So I bust to my iMac G5 plug it into a USB enclosure, do a quick Scan and I get NOTHING. I got scared and thought the drive crashed, but I go back to the tower and quick scan works again.

What's up with that? Is it the USB enclosure or the iMac that DR2 hates?
 
"So I've got this wack program Data Rescue II and I did a Quick Scan on a hard drive in an external FW enclosure on my PM G5 and it was a success or whatever, but then it wanted to take like 10 hours or some crap to recover the data but I need my resources for audio production."

Data Rescue is hardly a "wack" program. It does what it does better than almost anything else out there. It will get data back when NOTHING else works. I've used it myself.

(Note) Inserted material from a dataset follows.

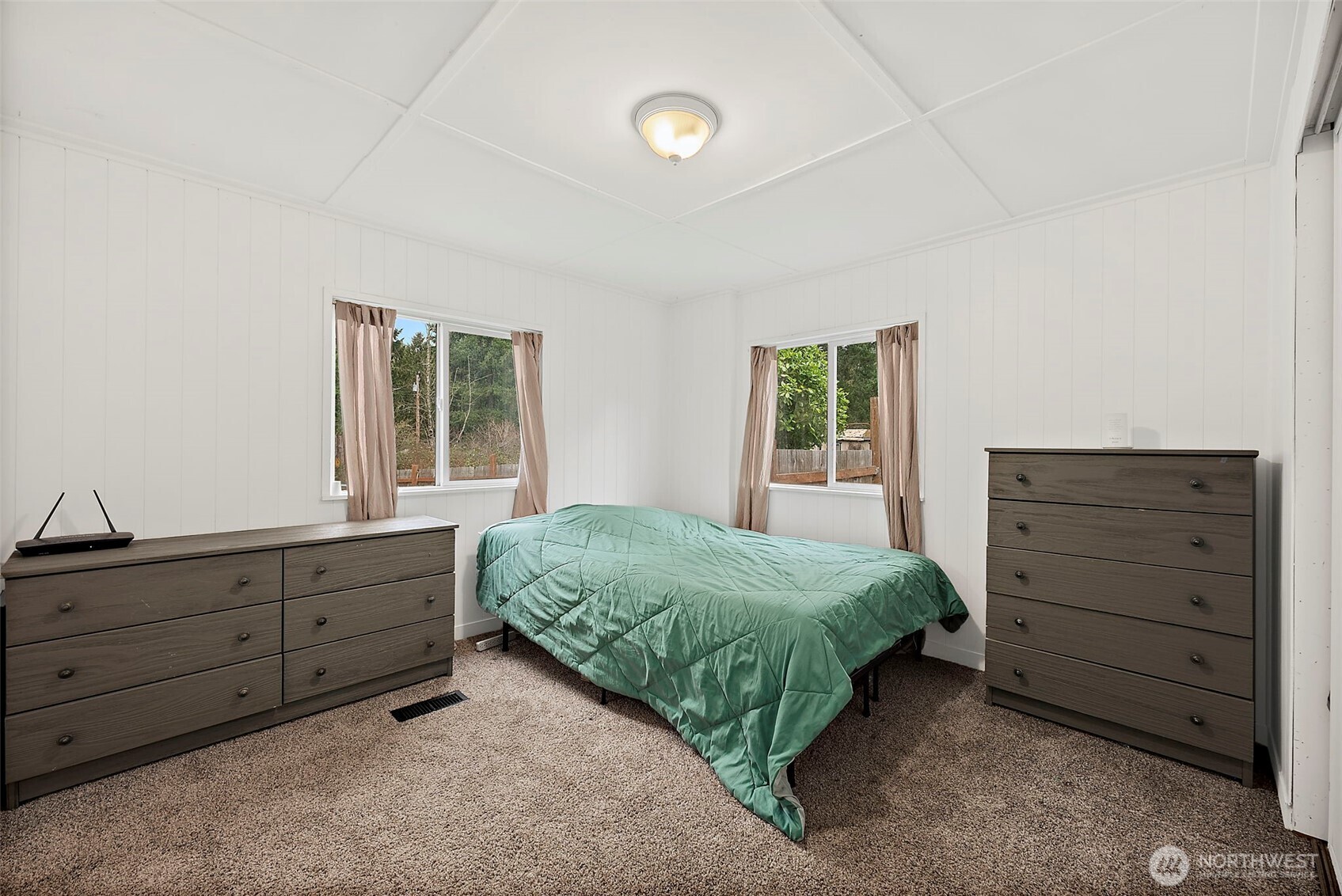 16503 Village Drive SE, Rainier, WA 98576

Yes, it WILL take a LONG time to scavenge and recover data from a corrupted drive. This is how it works, plain and simple

If you're not willing to give DR the time it needs to do the job, the job ain't gonna get done.

By the way, you really need THREE (count 'em) drives to get DR to do it's job properly:
1. The drive you're booting from that has your system and DR on it.
2. The corrupted drive you're trying to get data OFF OF. You can't "recover to" the bad drive.
3. A "scratch" drive which can receive the rescued data.

"What's up with that? Is it the USB enclosure or the iMac that DR2 hates?"

Use "what works for you", and don't fuss over other connection schemes that don't.

- John
 
If you're not willing to give DR the time it needs to do the job, the job ain't gonna get done.
it ain't me, it's the drives... I've had 2 die on a DR2 scan.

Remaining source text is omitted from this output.